Global Smile Foundation (GSF) is a nonprofit organization based in Norwood, Massachusetts, United States.

==History==
Global Smile Foundation was founded in 2008 by Usama Hamdan. It gives cleft care, cleft lip and cleft palate, to underserved communities. Hamadan was recognized by the Social Security of Health, Peru in 2022 when they announced that they are establishing a fissured center to treat congenital facial deformities, named after him.

In 2012, the Global Smile Foundation established a cleft center in Guayaquil, Ecuador, and Fundación Global Smile-Ecuador at Leon Becerra Hospital.

By 2014, the Global Smile Foundation was seeing 350 patients with congenital facial deformities and performing surgeries on over two hundred patients during a one-week mission.

In 2015, the Global Smile Foundation surgeons worked with Peruvian surgeons virtually using an augmented reality technology called Proximie to perform a surgery on a cleft lip patient.

Global Smile Foundation is active Ecuador, El Salvador, Lebanon, and Peru.
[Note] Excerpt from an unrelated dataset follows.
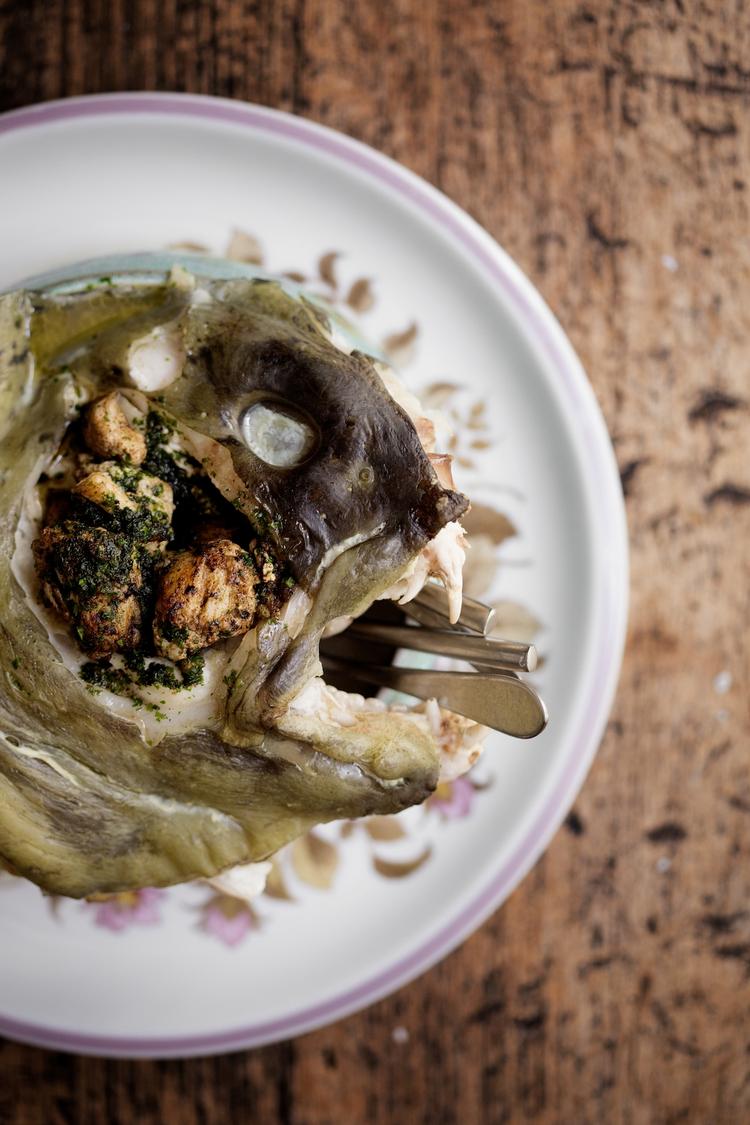 Trendy. Lige nu er det fiskehoveder, der er det nye naturlige. Der hvor vi kommer allertættest på. For eksempel kan man få havkattekind på Bror.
In Peru, they have assisted more than four thousand children recover their smiles with the help of EsSalud. In Lebanon, GSF started its work in 2014 by establishing a specialized association. To further develop their work in Lebanon, they entered in a cooperation agreement with the Union of Relief and Development Association Lebanon in order to treat Syrian refugees’ children with cleft lip and palate.